博物館museumの語源となった前3世紀にアレクサンドリアに創立されたムセイオンを博物館の起源とすることには多くの異論がある。しかし,古くから自然物を収集し,これを展観することは行われていたようである。アリストテレス(前4世紀)は,地方に旅行する弟子たちに自然物を持ち帰ることを命じたと伝えられている。ルネサンスを通じて,人々の自然および科学への関心が高まるにしたがって,動植物・岩石鉱物標本や科学器械を意識的に収集することが,ドイツ,イタリアなどの封建貴族の庇護をうけたアカデミー,大学などを中心に行われるようになった。

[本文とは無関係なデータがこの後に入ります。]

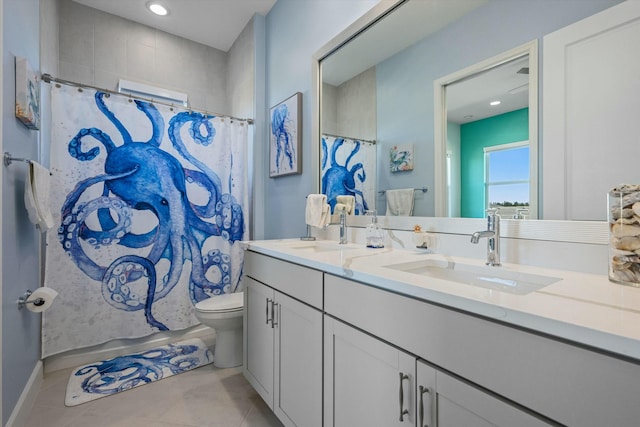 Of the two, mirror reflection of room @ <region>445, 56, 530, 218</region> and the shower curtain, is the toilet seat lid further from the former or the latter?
mirror reflection of room @ <region>445, 56, 530, 218</region>

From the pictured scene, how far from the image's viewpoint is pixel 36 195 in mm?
1423

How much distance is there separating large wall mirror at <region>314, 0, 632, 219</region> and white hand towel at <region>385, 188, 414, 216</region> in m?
0.02

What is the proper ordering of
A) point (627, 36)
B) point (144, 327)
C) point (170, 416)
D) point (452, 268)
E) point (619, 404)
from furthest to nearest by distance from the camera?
A: point (144, 327)
point (170, 416)
point (452, 268)
point (627, 36)
point (619, 404)

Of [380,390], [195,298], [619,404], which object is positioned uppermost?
[619,404]

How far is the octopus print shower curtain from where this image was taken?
6.36ft

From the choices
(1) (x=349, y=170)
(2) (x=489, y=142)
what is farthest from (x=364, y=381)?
(1) (x=349, y=170)

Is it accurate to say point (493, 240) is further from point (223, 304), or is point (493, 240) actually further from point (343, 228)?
point (223, 304)

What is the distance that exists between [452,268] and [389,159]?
660 mm

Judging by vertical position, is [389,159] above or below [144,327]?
above

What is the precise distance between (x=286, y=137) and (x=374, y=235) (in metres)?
1.13

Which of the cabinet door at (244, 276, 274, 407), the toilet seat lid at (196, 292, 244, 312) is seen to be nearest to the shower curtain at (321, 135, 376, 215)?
the cabinet door at (244, 276, 274, 407)

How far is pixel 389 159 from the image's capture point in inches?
59.9

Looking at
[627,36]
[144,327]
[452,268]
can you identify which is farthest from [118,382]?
[627,36]

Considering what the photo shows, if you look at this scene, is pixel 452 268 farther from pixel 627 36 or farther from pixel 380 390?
pixel 627 36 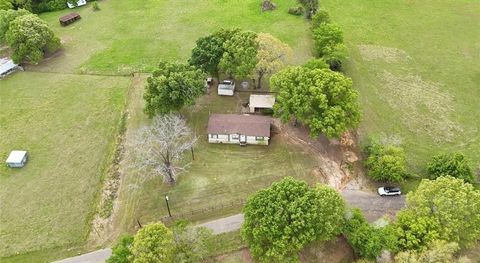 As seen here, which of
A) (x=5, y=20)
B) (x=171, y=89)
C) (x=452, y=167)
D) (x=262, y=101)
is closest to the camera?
(x=452, y=167)

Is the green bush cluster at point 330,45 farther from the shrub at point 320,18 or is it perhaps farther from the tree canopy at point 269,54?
the tree canopy at point 269,54

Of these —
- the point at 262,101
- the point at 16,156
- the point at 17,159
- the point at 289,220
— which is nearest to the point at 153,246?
the point at 289,220

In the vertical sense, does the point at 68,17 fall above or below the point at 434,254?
above

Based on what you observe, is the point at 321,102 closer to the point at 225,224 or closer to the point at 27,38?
the point at 225,224

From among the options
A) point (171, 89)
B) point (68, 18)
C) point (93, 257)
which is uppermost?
point (68, 18)

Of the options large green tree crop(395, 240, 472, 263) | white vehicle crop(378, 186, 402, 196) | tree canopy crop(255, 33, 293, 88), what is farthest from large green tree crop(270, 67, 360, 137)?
large green tree crop(395, 240, 472, 263)

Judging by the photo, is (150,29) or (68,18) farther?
(68,18) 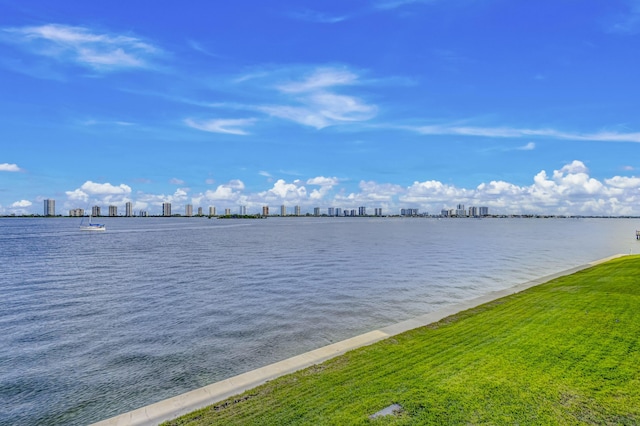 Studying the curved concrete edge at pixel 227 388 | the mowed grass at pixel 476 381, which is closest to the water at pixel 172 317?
the curved concrete edge at pixel 227 388

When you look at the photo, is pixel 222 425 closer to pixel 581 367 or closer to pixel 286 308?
pixel 581 367

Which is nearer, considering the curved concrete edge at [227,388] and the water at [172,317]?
the curved concrete edge at [227,388]

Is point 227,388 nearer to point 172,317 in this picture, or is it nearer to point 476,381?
point 476,381

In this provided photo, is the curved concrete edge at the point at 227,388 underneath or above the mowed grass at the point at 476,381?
underneath

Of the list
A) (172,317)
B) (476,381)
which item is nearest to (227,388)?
(476,381)

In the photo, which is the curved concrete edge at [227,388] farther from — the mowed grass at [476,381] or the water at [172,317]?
the water at [172,317]

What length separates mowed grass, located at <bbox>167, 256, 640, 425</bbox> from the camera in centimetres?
724

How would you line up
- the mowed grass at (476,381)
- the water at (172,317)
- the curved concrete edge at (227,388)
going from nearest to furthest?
the mowed grass at (476,381), the curved concrete edge at (227,388), the water at (172,317)

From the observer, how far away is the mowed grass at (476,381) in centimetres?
724

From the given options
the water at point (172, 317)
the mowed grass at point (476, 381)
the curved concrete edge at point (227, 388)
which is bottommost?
the water at point (172, 317)

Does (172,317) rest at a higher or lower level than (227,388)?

さらに,16~17世紀になり,海外植民地が拡大するにしたがい,海外からの持帰り品を一般に公開し,これを植民教育に利用するための施設がオランダなどに設けられはじめ,1683年には,オックスフォード大学にE.アシュモールの収集した自然史資料を中心にした博物館が誕生した。この博物館は最初の自然史博物館であると同時に,世界で最初に一般に公開された博物館となった。これ以後,海外への学術調査がさかんに行われるにしたがい,欧米諸国における自然史学が急速に進歩し,自然物の標本が集積されるにしたがって,各地に大規模な自然史博物館が建設されていった。一方,産業革命の進展は,人々の生活を大きく変え,その意識にも大きな影響を与え,とくに科学知識への関心を高めた。1798年,国民公会の要請によって,パリに当時の機械技術者として最高の評価を得ていたJ.deボーカンソンの考案・製作した科学機械を展示し,国民教育に役立てる目的で工芸博物館Conservatoire national des arts et métiersが創設され,さらに,1851年開催の第1回万国大博覧会の翌年には,ロンドンに工業博物館が設けられた。この博物館は57年にはサウス・ケンジントン博物館となり,さらに,これから分離された科学部門が1909年独立して現在の科学博物館として発足したが,このロンドンの科学博物館は現在でも世界で屈指の科学博物館として,その歴史とともに収集資料の質および量の高さを誇っており,多くの研究者が,この博物館の独立創立をもって,近代科学博物館の始まりとしている。1906年には,ドイツのミラーOskar von Miller(1855-1934)がミュンヘンにドイツ科学技術博物館を開いた。彼は〈物理科学的自然現象と,その現象間の厳密な相互関係,ならびに技術に関する方法と考案について,ドイツの一般民衆に精通させる〉という非常に明確な目標をもってこの博物館を設立した。しかし,第1次大戦等の影響で,本格的には25年になって,ようやくドイツ博物館として完成した。これ以後,科学博物館の教育的役割が認識され,種々の教育的配慮が加えられたジオラマ・模型,実験装置が工夫されて,豊富な資料とともに展示される近代的科学博物館が,アメリカを中心に,つぎつぎに設立されるようになった。第2次大戦後,アメリカの工業技術を背景に,大規模な実験装置を中心としたシカゴの科学産業博物館や,ワシントンのアメリカの歴史を技術の発展で示す国立歴史技術博物館や,宇宙時代を象徴する航空宇宙博物館などの大規模博物館が建設され,また,サンフランシスコのエクスプロラトリウムExploratoriumのごとき実験を主とした新しい科学博物館を目ざす施設などが相ついで創設されている。なお,アジア地区には,植民地時代の自然史博物館のほか,1945年以前には日本を除いて理工系博物館は皆無であったが,近年,インド,タイ,シンガポール,韓国に科学博物館が設けられ,また中国,フィリピンなどにおいても設立の計画が進められている。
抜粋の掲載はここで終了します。